In 1932, Augustus Zanzig was commissioned by the National Recreation Association to survey the state of musical activities in the United States, and three years later Eric Thacher Clarke undertook a similar task on behalf of the Carnegie Corporation. Daniel Gregory Mason's foreword to Zanzig's book sets the zealous tone for the whole effort:
How can such steadily diminishing individual initiative in the production of music be compensated? Obviously only through the means Mr. Zanzig studies: through amateur groups—in schools, colleges, settlements, playgrounds, art museums summer camps, public libraries, and above all in homes. Only through the activities of such groups can music, atrophied and mummified as it tends to be by exclusive professionalism, remain a living art among us.
Indeed, amateur music was a national campaign at the time. A contemporary observer—who, however, made the galling observation that "the amateur standing of many [participants in the Drinkers' singing parties] would be difficult to establish"—shared the reigning philosophy, although he diagnosed the situation more positively: "It is the conviction of many leading sociologists and psychologists that such multitudinous clubs and choruses exert a potent influence for public good. . . . Let us advance the thought that the musical leaven of many choral groups works in the loaf itself, and does not serve to decorate its upper crust."
But I would observe, at the same time, that neither the rhetoric nor the energy expended on developing amateur performance in the United States carried any invitation to amateur or vernacular composition; on the contrary, all the hundreds of pages exhorting Americans to moral uplift by means of choral singing or ensemble playing ring with invocations of "the best" music and "the great" composers of the tradition. As Harry himself wrote, "the musical understanding attainable by the participants in a reverent and enthusiastic, though technically inferior, performance of a masterpiece of music is far greater than that resulting from listening to a technically perfect rendering by others." Suspicion arises that much of the effort was intended to shore up the channel of the musical main-stream against encroachment by other kinds of music in which people's participation was more spontaneous. Thus was handed on from the last Victorian generation what Judith Tick has called "the covenant between the European past and the [American] upper classes."

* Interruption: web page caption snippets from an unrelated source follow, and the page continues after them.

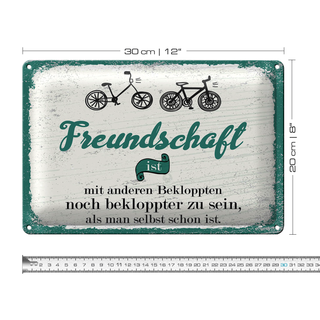 Blechschild Spruch Freundschaft noch bekloppter sein 30x20cm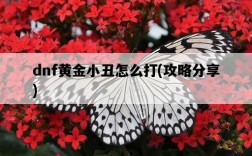 dnf黃金小丑怎么打，攻略分享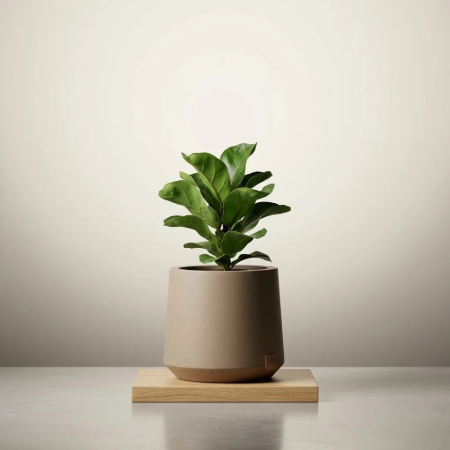 Picture of Plant pot Calun Cement, Ø32cm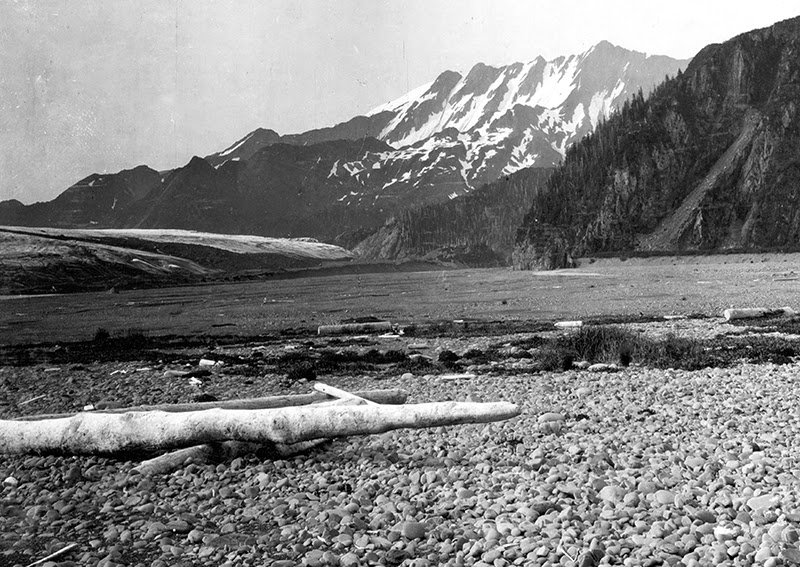 20_bear_glacier_01_1909.jpg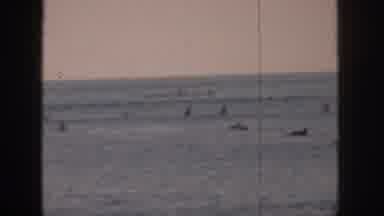 Hawaii USA (1959): Surfers In Their Planks Over The Sea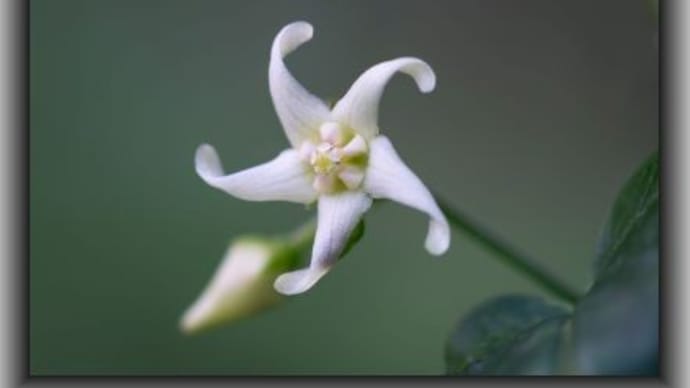 アオカモメヅル コウの花図鑑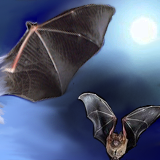 Night Flyers by root88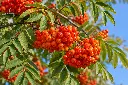 sorbus edulis fruits.webp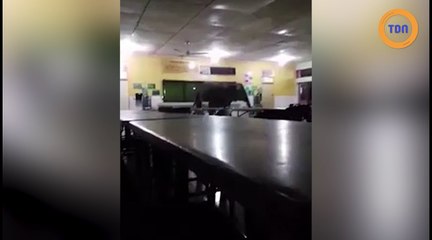 Un éléphant affamé est venu rendre une petite visite dans la cantine d'une école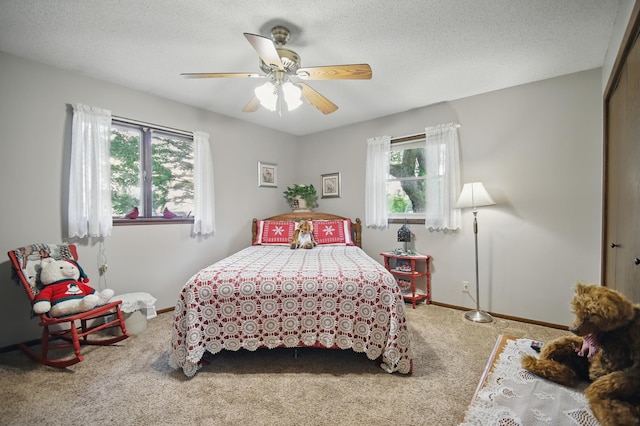 20128 554th St, Concord Twp, MN 55985 - carpeted bedroom featuring multiple windows, a ceiling fan, a textured ceiling, and a closet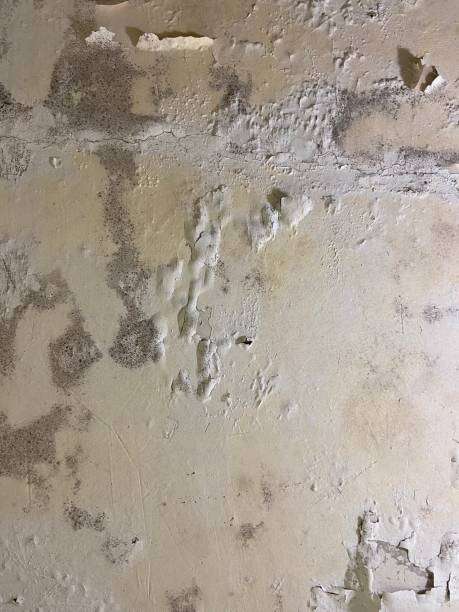 Best Emergency Mold Removal  in Saratoga, WY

In any event, at least as concerns the Drinkers' contribution to this campaign, its effectiveness was undoubtedly great; there exist dozens of tributes, recollections, and celebrations of the singing parties by those who attended. By mutual agreement the parties continued through World War II, for the sake of the solace they provided, and there is an especially moving account of the impact one party had on the journalist Nora Waln immediately after her return from reporting on the Korean War. I want to stress the aspect of these activities that is particularly important in understanding the development of Sophie Drinker's own work: she and Harry thought of music first and foremost as a matter of spiritual sustenance. It was that conviction that prompted their intense interest in music as an activity for everyone and kept the parties going through times of national turbulence, and it was the same belief that led Sophie to demand wholly new religious and societal structures on behalf of the well-being of women.
It must be said, however, that the high-mindedness of this contribution to musical life had its dark side: their commitment to general participation was somewhat compromised, perhaps, by their determination to maintain rigid controls over the proceedings; furthermore, the warmly pro-amateur sentiment could sometimes reveal itself as a slightly rancorous anti-professionalism. Nothing captures the Drinkers' paradoxical musical politics better than the organization of the singing parties. On the one hand, their quasi-populist dedication to general participation led them to devote the gatherings purely to sight-reading, to invite anyone with a genuine love of music (regardless of talent), and to disdain performances before nonparticipating spectators. Catherine Bowen tells the story of an unfamiliar gentleman who arrived one Sunday to participate in the reading of the Ralph Vaughan Williams Mass in G Minor, and was identified only over supper afterward as the composer himself.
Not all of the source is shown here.